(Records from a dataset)

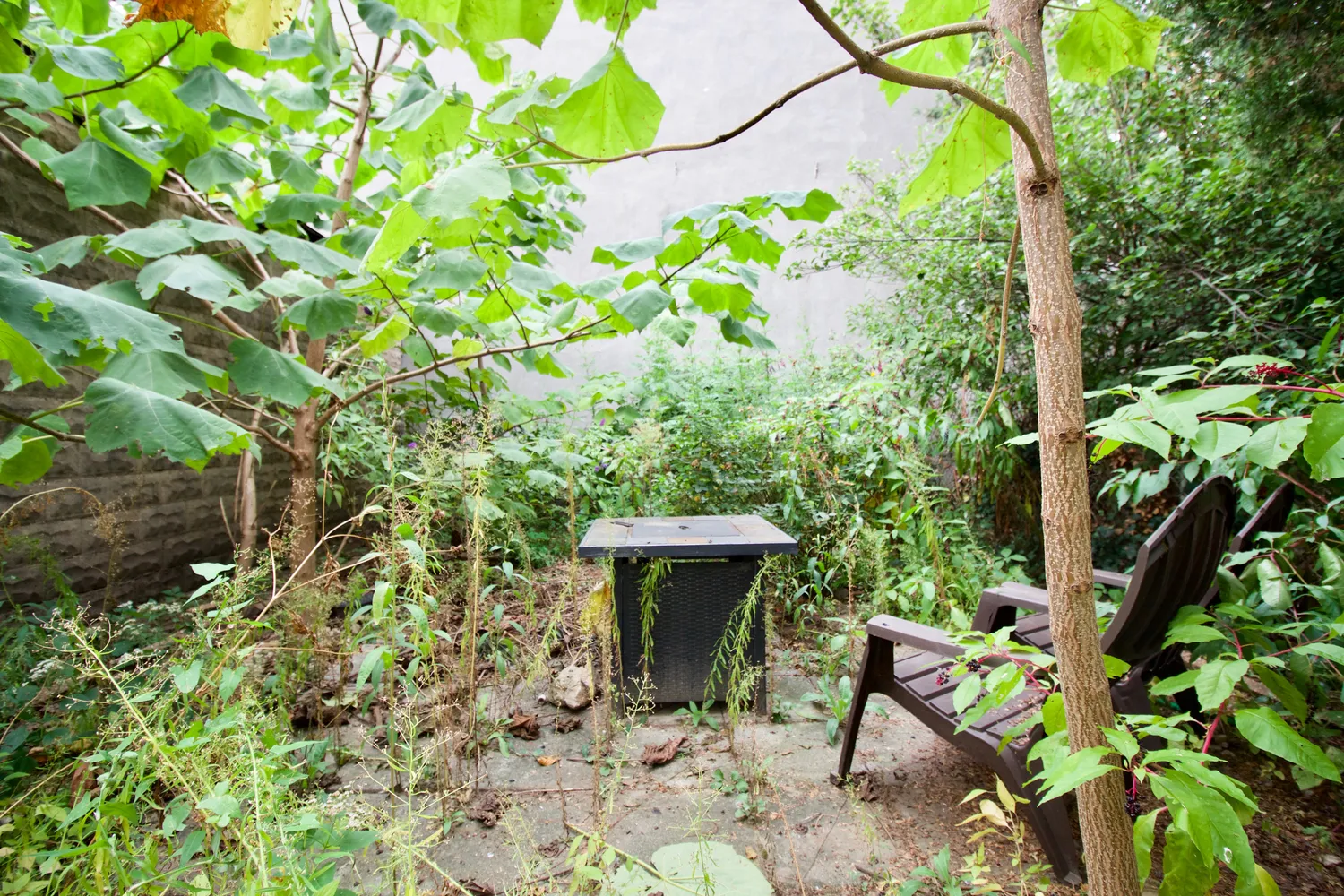 $3,800 | 403 Caton Avenue, Unit 1 | Windsor Terrace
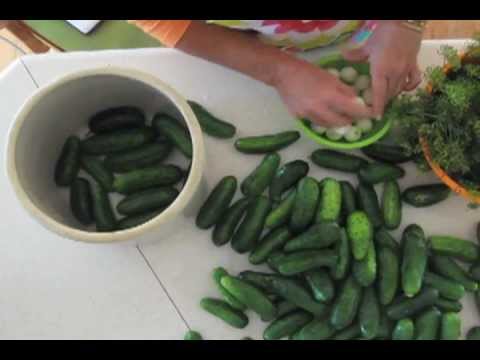 Dill Pickles In A Crock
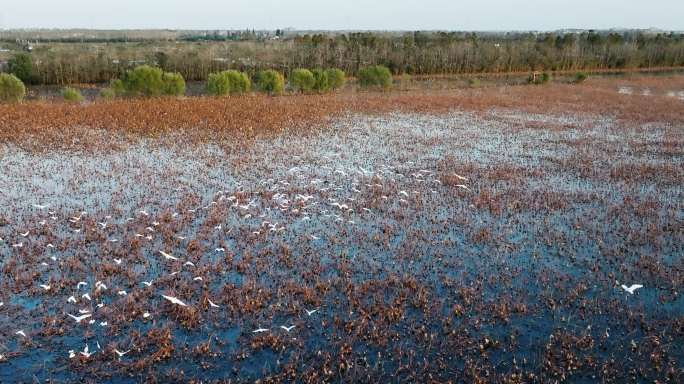 4K冬天湿地飞翔的大群白鹭升格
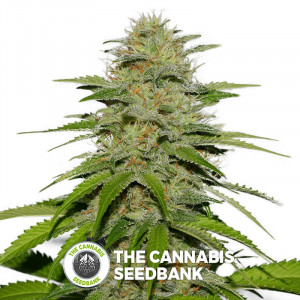 Victory Kush - Regular Cannabis Seeds - Alpine Seeds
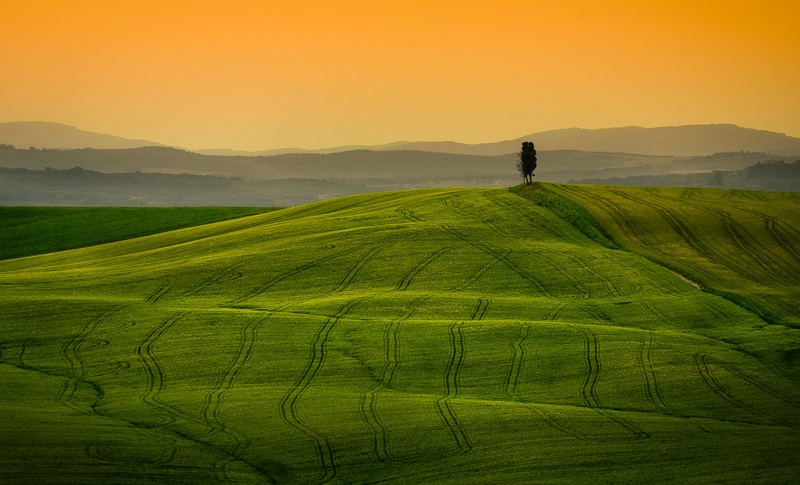 Toskanski stražar by brane košak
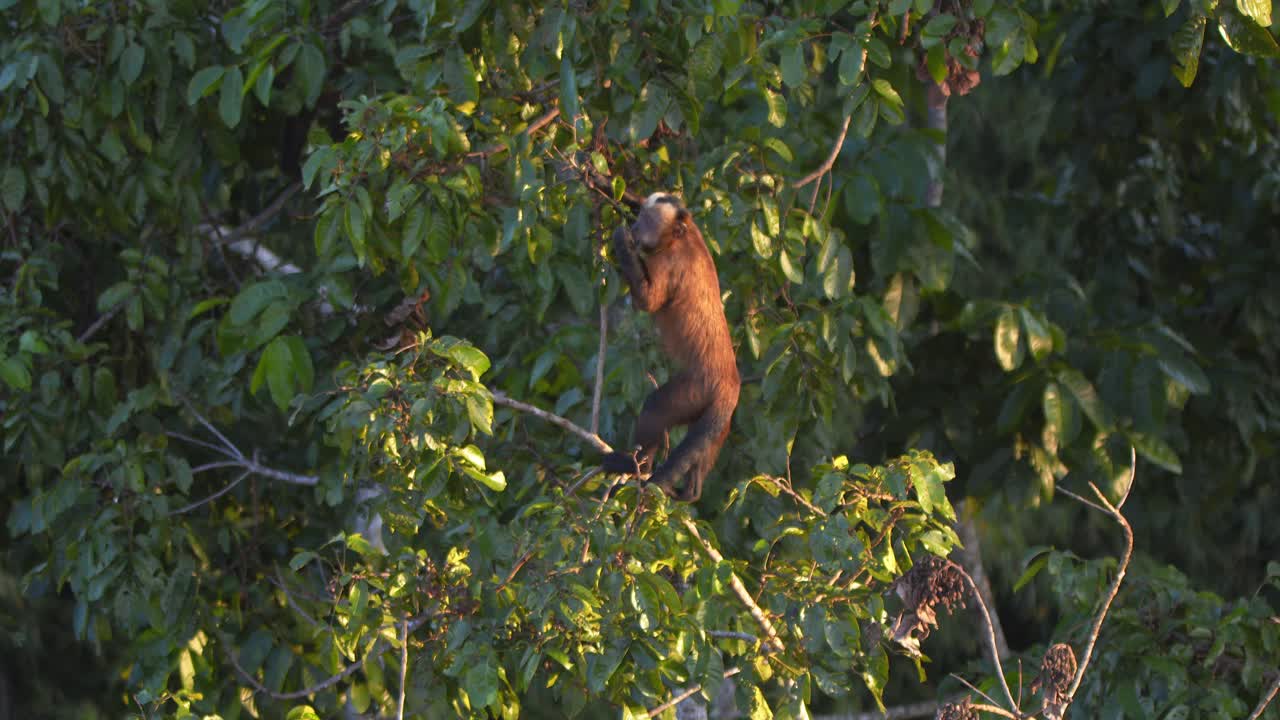 un pequeño grupo de monos capuchinos se alimentan de frutas en un árbol durante las primeras horas de la mañana.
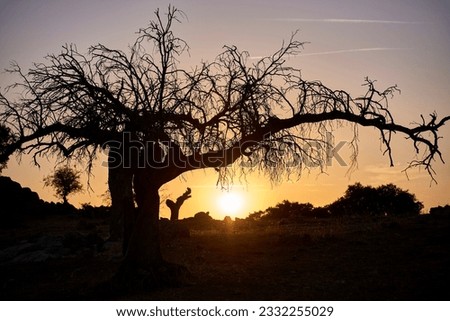 Similar – Image, Stock Photo Ancient holm oak forest (Quercus ilex) in a foggy day with centenary old trees, Zamora, Spain.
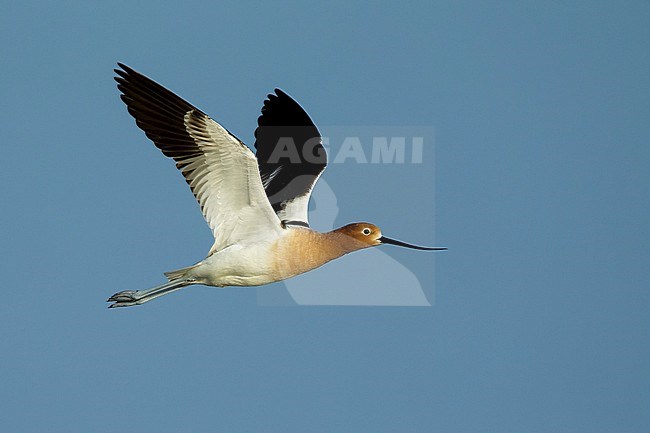 Adult male American Avocet (Recurvirostra americana) in breeding plumage flying over marsh in Galveston Co., Texas, USA. stock-image by Agami/Brian E Small,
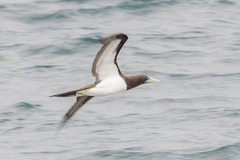 Sula leucogaster plotus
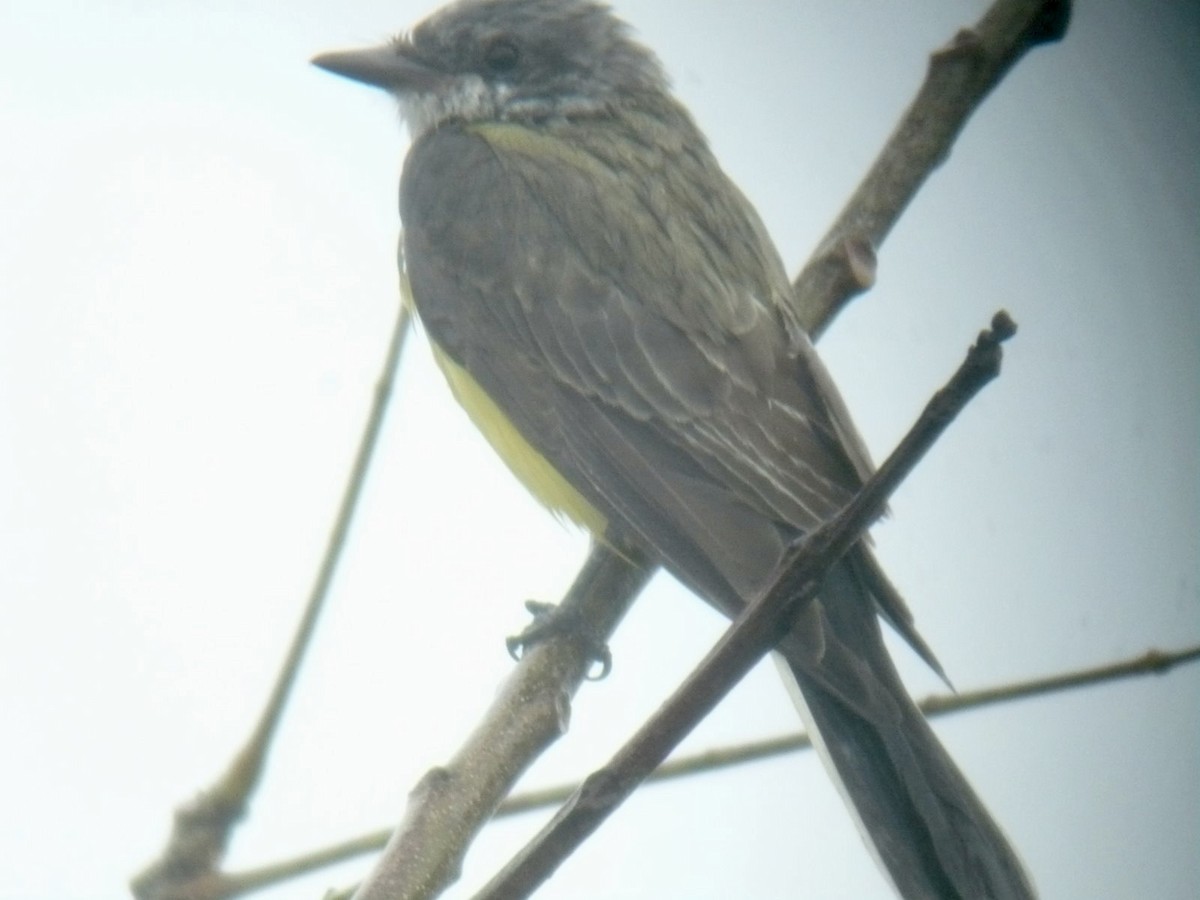 vestkongetyrann - ML415291071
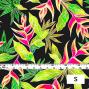Hula Fabric / Heliconia / JKH-546-BK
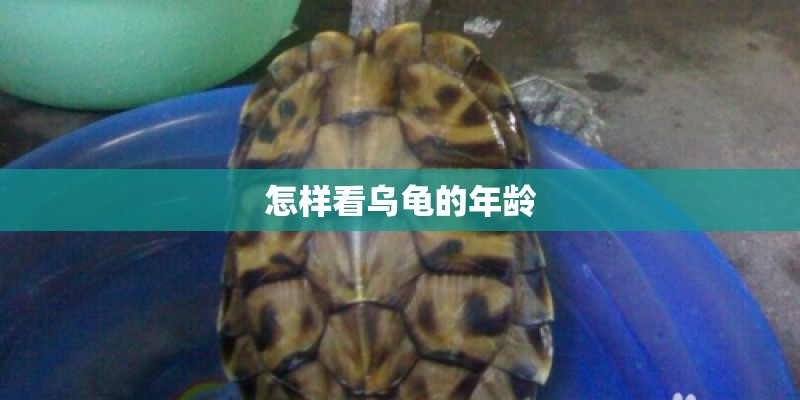 怎样看乌龟的年龄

▶ What needs to be done
Skip the pictures and print exactly the lines from the one containing "un pequeño grupo" through the end of the records above.

▶ Exercise answer
 un pequeño grupo de monos capuchinos se alimentan de frutas en un árbol durante las primeras horas de la mañana.
 Similar – Image, Stock Photo Ancient holm oak forest (Quercus ilex) in a foggy day with centenary old trees, Zamora, Spain.
 Adult male American Avocet (Recurvirostra americana) in breeding plumage flying over marsh in Galveston Co., Texas, USA. stock-image by Agami/Brian E Small,
 Sula leucogaster plotus
 vestkongetyrann - ML415291071
Hula Fabric / Heliconia / JKH-546-BK
 怎样看乌龟的年龄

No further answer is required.